5. Agrava a situação dos docentes do ensino básico com a exigência da assinatura de um termo de opção individual pela nova carreira.
6. Mantém a política de Vencimentos Básicos (VB) rebaixados, contradizendo a propalada disposição do governo de fortalecê-los. Exemplificando, durante todo o ano de 2008, o piso do VB dos professores continuará sendo de R$ 147,00.
7. Desrespeita o princípio da isonomia ao estabelecer valores para titulação sem critérios objetivos por meio da Gratificação Remuneração por Titulação – RT. Atualmente, por exemplo, o título de doutor representa um vencimento básico, que é 75% superior ao de graduação em todos os níveis das tabelas salariais. A partir de 1º de fevereiro de 2009, a titulação deixa de compor o vencimento, tornando-se a gratificação RT, que, para o Adjunto 1, em regime de Dedicação Exclusiva, equivalerá a 157,53% do VB, para o Adjunto 4, 141,43% e, para o Associado 1, 191,59%.
Com a edição da MP 431/08 o governo afirma encerrar qualquer negociação até 2010.
Em síntese, o governo faz inicialmente um discurso positivo em relação a alguns pleitos dos servidores, mas, nos meandros do que é ajustado, impõe condições que negam ou vão diametralmente contra esse discurso. Exemplo disso é o discurso de valorização do VB, imediatamente contraditado pela política de fortalecimento das gratificações. Outro exemplo é o atendimento à demanda pela extinção da GAE, ao impor como contrapartida a desvinculação dos incentivos de titulação do VB. Em decorrência, a base em que incidem os anuênios e ganhos pessoais é proporcionalmente reduzida. Ou seja, adota a política de dar com uma mão e retirar com a outra.
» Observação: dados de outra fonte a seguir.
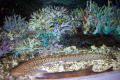 034-Eel-possibly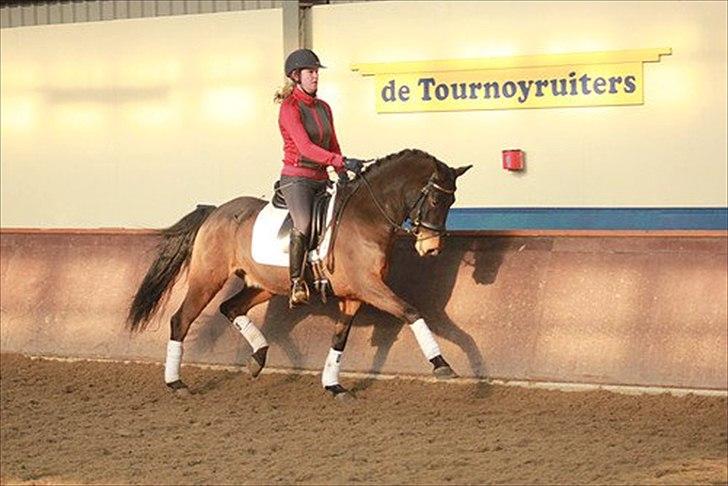 Welsh Cob (sec D) Albrechtshoeve Niels Cornelis - Gamle ejer billede 1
Nesse quadro, fica evidente que a tarefa colocada para o Movimento Docente se mantém: a reconquista da dignidade profissional dos docentes e do seu projeto de carreira. E isso, só será alcançado, com mobilização e disposição para assumir a luta.
Cabe à categoria, às assembléias de base e às instâncias democráticas de deliberação do Andes-SN definir quais estratégias desenvolver, respeitadas as condições objetivas existentes para implementá-las.
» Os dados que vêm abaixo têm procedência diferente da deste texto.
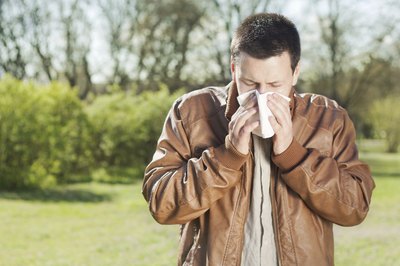 Cottonwood allergies may produce symptoms of hay fever.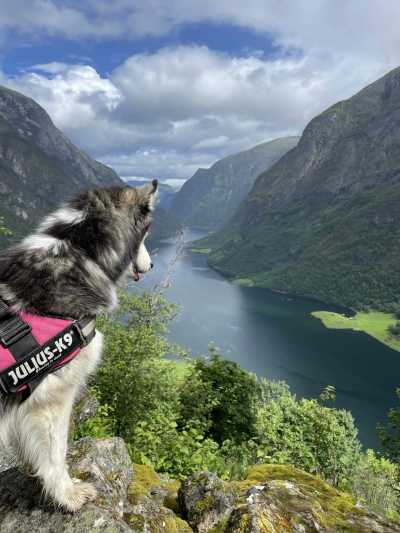 Norway - Nærøyfjord - Best of Norway with my huskies 🐾⛰️ | Jotunheimen, Fjords & Valleys | Hiking trip - 1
ENCAMINHAMENTOS – Em relação à discussão sobre indicativo de greve que o Setor das Ifes solicitou às seções sindicais, a conclusão foi a de que ele não encontrou a necessária mobilização da categoria. O Setor afirma a necessidade de acumular forças para dar continuidade à luta e não aceitar ausência de campanha salarial até 2010, como pretende impor o governo e continuar solicitando abertura de negociação com o governo. Nesse sentido aprova os encaminhamentos a seguir:
– Solicitar análises da MP 431/08 pelo GT Verbas e pelo GT Carreira comparativamente à pauta de reivindicações do Sindicato.
– Divulgar e esclarecer as conseqüências negativas da MP 431/08, comparativamente à proposta salarial do Andes-SN, reiterando a luta pela abertura de negociações.
– Aprimorar a comunicação com a base nos desdobramentos dos impactos da MP 431/08 para a vida dos docentes e das Ifes.
– Explorar as diferenças salariais das tabelas de algumas categorias do serviço público federal.
– Retomar a referência do salário-mínimo de Dieese na elaboração de nossa malha salarial.